1 Introduction

This vignette provides an overview of the Bioconductor package ASSIGN (Adaptive Signature Selection and InteGratioN) for signature-based profiling of heterogeneous biological pathways. ASSIGN is a computational tool used to evaluate the pathway deregulation/activation status in individual patient samples. ASSIGN employs a flexible Bayesian factor analysis approach that adapts predetermined pathway signatures derived either from a literature search or from perturbation experiments to create cell-/tissue-specific pathway signatures. The deregulation/activation level of each context-specific pathway is quantified to a score, which represents the extent to which a patient sample matches thepathway deregulation/activation signature.

Some distinctive features of ASSIGN are:

  1. Multiple Pathway Profiling: ASSIGN can profile multiple pathway signatures simultaneously, accounting for ‘cross-talk’ between interconnected pathway components.
  2. Context specificity in baseline gene expression: Baseline gene expression levels (i.e., the gene expression level under normal conditions) may vary widely due to differences across tissue types, disease statuses, or measurement platforms. ASSIGN can adaptively estimate background gene expression levels across a set of samples.
  3. Context-specific signature estimation: ASSIGN provides the flexibility to use either an input gene list or magnitudes of signature genes as prior information, allowing for adaptive refinement of pathway signatures in specific cell or tissue types.
  4. Regularization of signature strength estimates: ASSIGN regularizes the signature strength coefficients using a Bayesian ridge regression formulation by shrinking the strength of the irrelevant signature genes toward zero. The parameter regularization constrains the pathway signature to a small group of genes, making the results more biologically interpretable.

2 How to use the ASSIGN package

2.1 Example Data

In the following examples, we will illustrate how to run ASSIGN using either the easy to use assign.wrapper function for simple analysis or each individual ASSIGN step for more detailed intermediate results.

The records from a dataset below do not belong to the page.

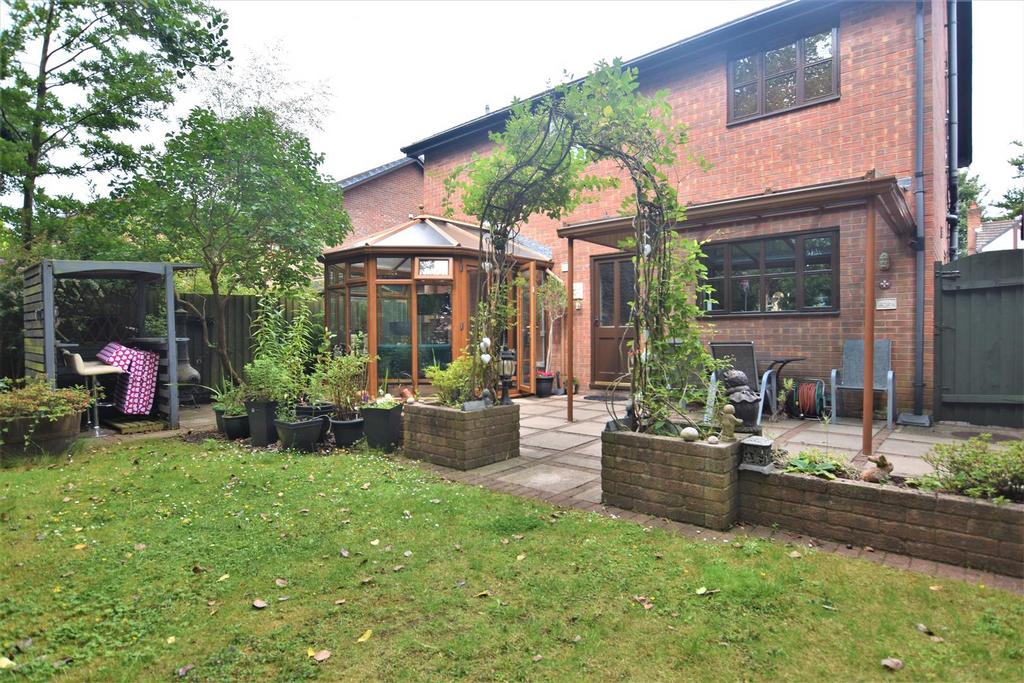 Monks Croft Avenue, BarrowInFurness 4 bed detached house for sale £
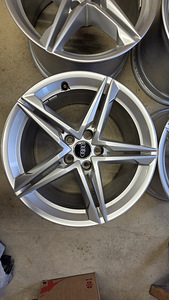 Audi A4 (B9) S-line originaalveljed 18" (4 foto / 10)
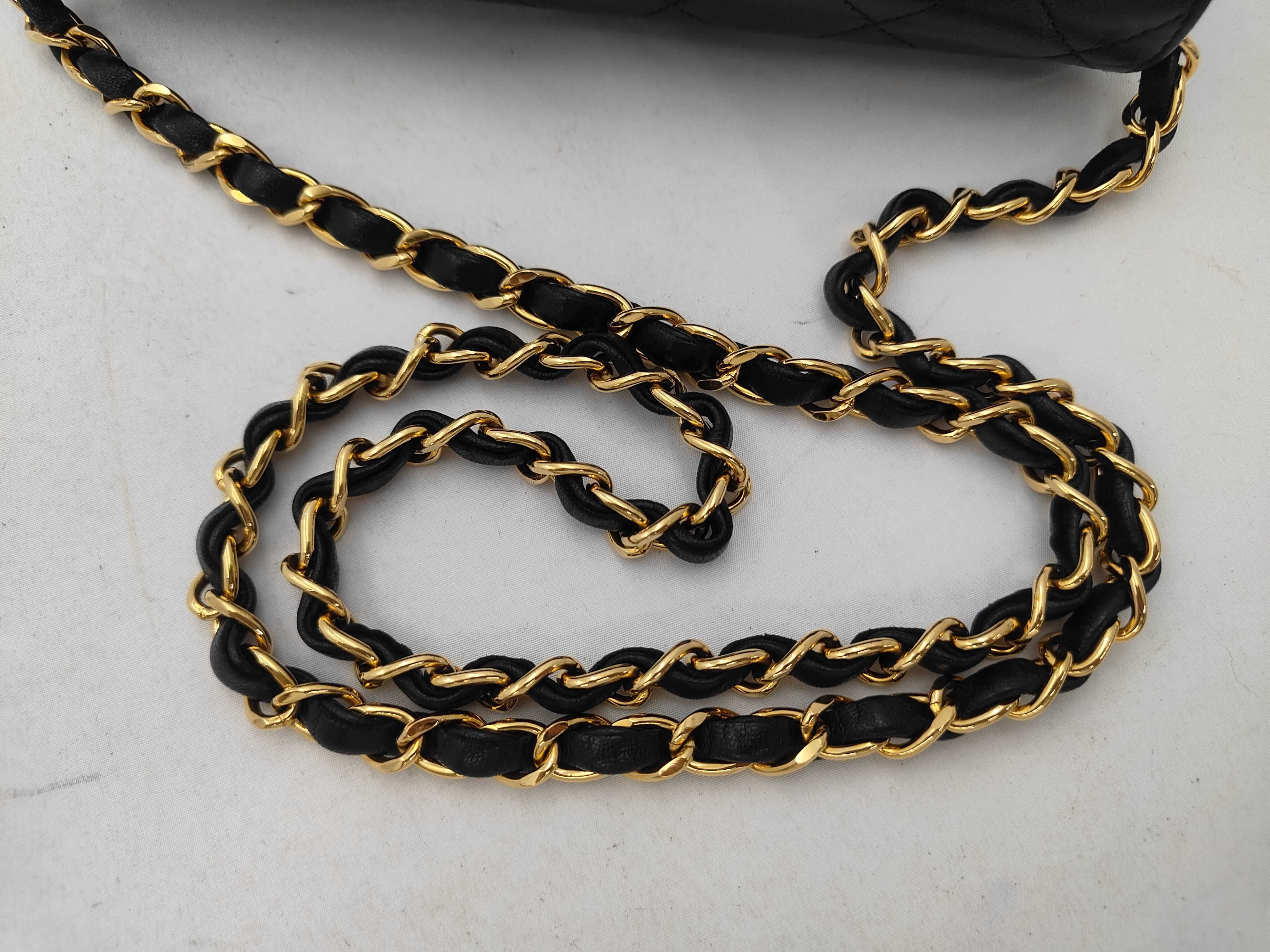 Matelassé Push-Lock Black Gold Hardware 5 Series Chain Shoulder Bag — view 3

For either analysis, we will first load ASSIGN and create a temporary directory 'tempdir' under the user’s current working directory. All output generated in this vignette will be saved in 'tempdir'.

library(ASSIGN)

dir.create("tempdir")
tempdir <- "tempdir"

Next, load the training data, test data, training labels, and test labels. The training dataset is a G (number of genomic measurements) x N (number of samples in pathway perturbation experiments) matrix, including five oncogenic pathways: B-Catenin, E2F3, MYC, RAS, and SRC pathways in this example. The training data labels denote the column indices of control and experimental samples for each perturbation experiment. For example, we specify the column indices of the 10 RAS control samples to be 1:10, and column indices of 10 RAS activated samples to be 39:48. The test dataset is a G (number of genomic measurements) x N (number of patient samples) matrix. The test data labels denote the classes of the N test samples. In our example, test samples 1-53 are adenocarcinoma and samples 54-111 are squamous cell carcinoma. We specify 'Adeno' and 'Squamous' in the vector of test data labels. Note that the test data labels are optional. ASSIGN outputs additional validation plots to evaluate classification accuracy when test data labels are provided.

data(trainingData1)
data(testData1)
data(geneList1)
trainingLabel1 <- list(control = list(bcat=1:10, e2f3=1:10,
                                      myc=1:10, ras=1:10, src=1:10),
                       bcat = 11:19, e2f3 = 20:28, myc= 29:38,
                       ras = 39:48, src = 49:55)
testLabel1 <- rep(c("Adeno", "Squamous"), c(53,58))

2.2 Run ASSIGN all-in-one using assign.wrapper

We developed an all-in-one assign.wrapper function to run ASSIGN with one command. For most users, assign.wrapper will be sufficient. The assign.wrapper function outputs the following files:

  • pathway_activity_testset.csv: ASSIGN predicted pathway activity in test samples.
  • signature_heatmap_testset_prior.pdf: heatmaps of the expression level of prior signature genes in training samples.
  • pathway_activity_scatterplot_testset.pdf: scatterplot of pathway activity in test samples. The x-axis represents test samples ordered by pathway activity; the y-axis represents pathway activity.
  • output.rda: The intermediate results of individual ASSIGN functions.
  • parameters.txt: A log file containing the parameters used for this ASSIGN run.

If training data is provided, assign.wrapper also outputs the following files:

  • pathway_activity_trainingset.csv: ASSIGN predicted pathway activity in training samples.
  • signature_heatmap_trainingset.pdf: heatmaps of the expression level of signature genes in training samples.
  • pathway_activity_scatterplot_trainingset.pdf: scatterplot of pathway activity in training samples.
  • signature_gene_list_prior.csv: the gene list and prior coefficients for the pathway signature.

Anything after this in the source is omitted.